Car Price Rise to Come to an End: State Official

11:35:24 AM | 2/10/2006

Retail prices of automobiles in Vietnam will surely fall in the coming time, said Deputy Minister of Industry Do Huu Hao, following Toyota Vietnam’s announcement of reducing prices for several popular models in the country.
 
“Those still intending to increasing car prices will put their heads in the noose,” Hao said, adding that Vietnamese consumers now are more aware of market movements, not bearing pressures from advertisements of carmakers.
 
Previously, all foreign-led carmakers operating in Vietnam announced that car prices will increase due to a 10 per cent special consumption tax (SCT) rise to 50 per cent imposed on locally assembled sedans in spite of severer competition from imported cars which enjoy a 30 per cent SCT cut and 10 per cent import tax reduction to 50 per cent and 90 per cent, respectively.
 
Hao said tax cuts on imported cars are conditions for Vietnam’s entry to the World Trade Organization (WTO) from influencing partners like the United States and Japan, which wanted Vietnam to reduce import tariffs on imported used and new cars to 60 per cent.
 
To warn carmakers about their pricing policies, the deputy minister said Vietnam may accept requirements for car import tax cuts in the WTO negotiations but in a specific itinerary.
 
Furthermore, domestic automakers are building factories to make sedans, a key product of most foreign-led carmakers here, Hao said.
 
Tu Van Hung, deputy general director of Vinamotor, one of the largest domestic auto assemblers in Vietnam, said his corporation will roll off first sedans by the end of this year.
 
In addition, many Chinese companies are surveying the Vietnamese emerging car market to pour money into making sedans here.
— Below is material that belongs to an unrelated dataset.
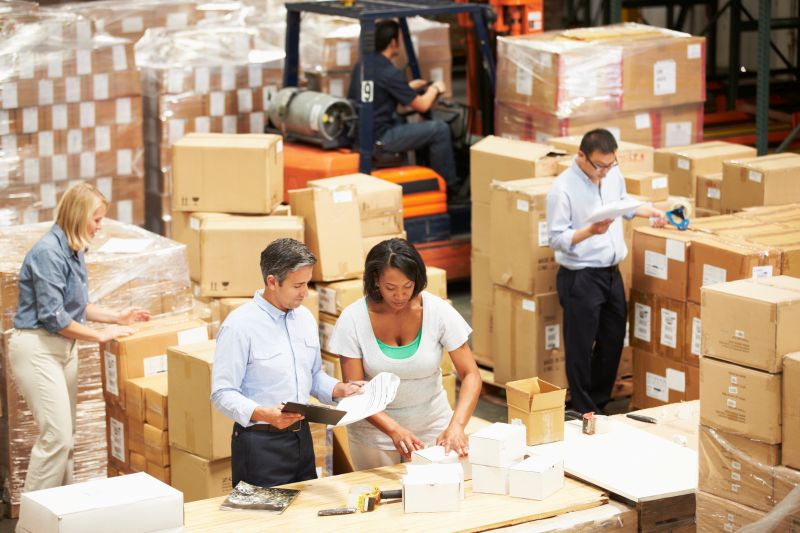 eCommerce logistics, contract logistics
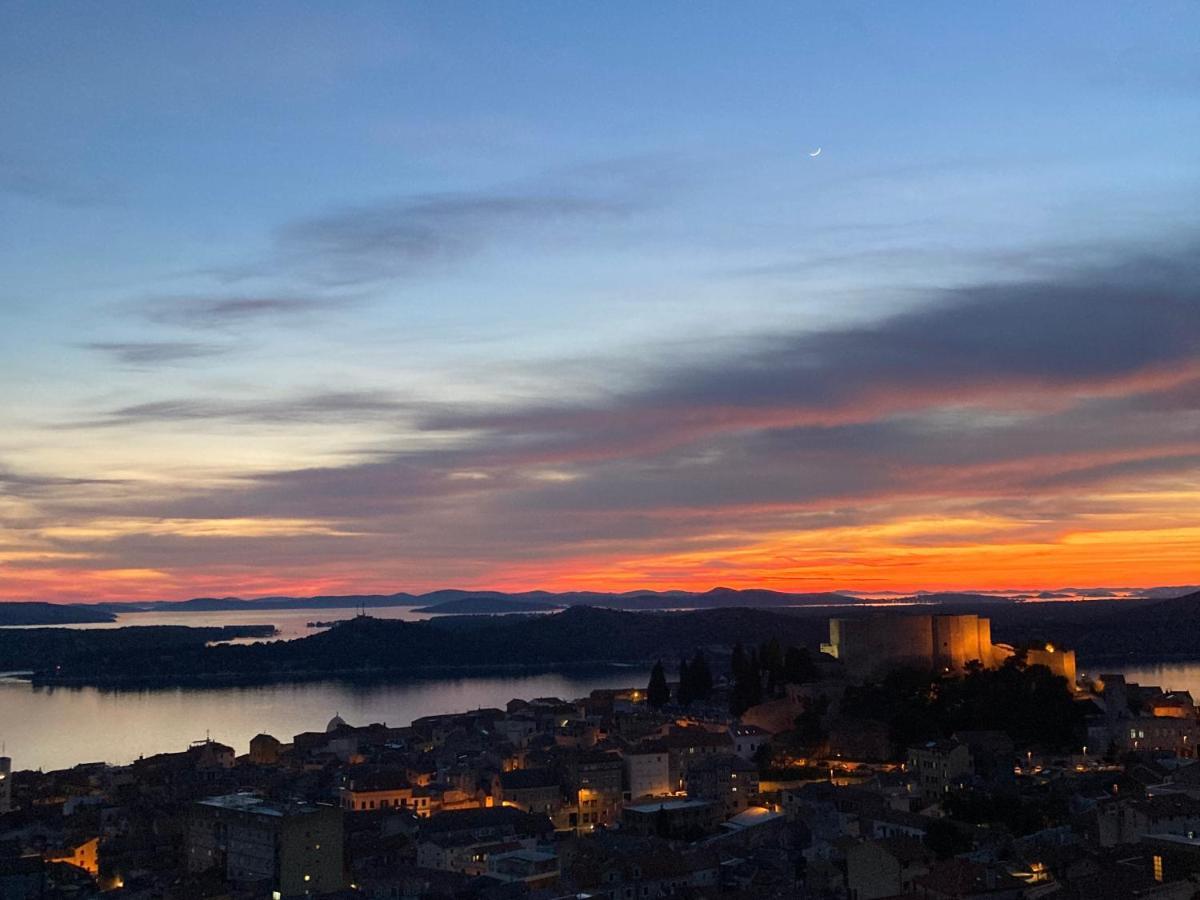 Apartment Barone Sibenik - City View & Free Parking Exterior photo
At least, one Chinese firm will be allowed to manufacture sedans in Vietnam when the country enters the WTO.
 
Last but not least, three new foreign-led joint ventures including Japan’s Honda, Taiwan’s VMEP and Malaysia’s JRD are building car factories. Honda will release its favorite Civic sedan by the middle of this year.
 
Toyota Vietnam, the largest foreign-led carmakers in Vietnam, is the first in the country to announce a car price reduction for its popular models of Zace GL, Corolla Altis, Zace Surf, Vios 1.5G and Vios Limo from February 1.
 
Under the new quotation, a Zace GL will be lowered to US$27,000 from US$29,800, a Corolla Altis to US$35,500 from US$37,300, a Zace Surf to US$29.000 USD from US$32,000, a Vios 1.5G to US$25,500 from US$27,800 and a Vios Limo to US$23,700 from US$24,700.
 
According to market experts, discounted models are Toyota best sellers. Therefore, when the market freezes, Toyota has a large volume of these models in stock.
 
Toyota’s price cut will affect other foreign carmakers in the country, they said.
 
However, a Daewoo official said his company has no plan for increasing or reducing its car prices.
 
According local media, by the end of January, only Mitsubishi and Mercedes have their car prices increased. However, selling prices are normally lower than their quotations. “A Mercedes C180K Classic is sold at US$54,999 while the Mercedes-Benz quotation is US$59,200 and a Mercedes C240 Avantgarde is sold at US$64,999 but the quotation is US$81,000,” it said.
 
Under the statistics released by the Vietnam Automobile Manufacturers Association (VAMA), 11 operational car joint ventures sold only 1,517 cars in January, down 36 per cent against the same period last year.